Could you restate exactly the lines that begin at the line with "Fahrzeugabbildung HYMER /" and end at the final line of the data?

* * * * * * *

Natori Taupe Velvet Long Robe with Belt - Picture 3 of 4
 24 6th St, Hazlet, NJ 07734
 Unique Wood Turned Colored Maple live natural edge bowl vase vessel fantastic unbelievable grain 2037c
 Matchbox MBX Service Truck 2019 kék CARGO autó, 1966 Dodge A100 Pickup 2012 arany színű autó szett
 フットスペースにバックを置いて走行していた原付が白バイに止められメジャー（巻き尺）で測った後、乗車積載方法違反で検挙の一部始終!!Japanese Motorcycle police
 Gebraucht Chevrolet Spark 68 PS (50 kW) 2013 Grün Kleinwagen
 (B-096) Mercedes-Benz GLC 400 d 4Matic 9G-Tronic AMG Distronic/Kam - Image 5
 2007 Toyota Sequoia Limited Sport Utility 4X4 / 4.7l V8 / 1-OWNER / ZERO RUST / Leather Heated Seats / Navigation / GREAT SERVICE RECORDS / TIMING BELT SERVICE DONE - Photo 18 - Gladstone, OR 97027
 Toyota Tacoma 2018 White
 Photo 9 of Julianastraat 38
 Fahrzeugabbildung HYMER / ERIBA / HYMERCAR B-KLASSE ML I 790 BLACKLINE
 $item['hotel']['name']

* * * * * * *

**TASK SOLUTION**.
 Fahrzeugabbildung HYMER / ERIBA / HYMERCAR B-KLASSE ML I 790 BLACKLINE
 $item['hotel']['name']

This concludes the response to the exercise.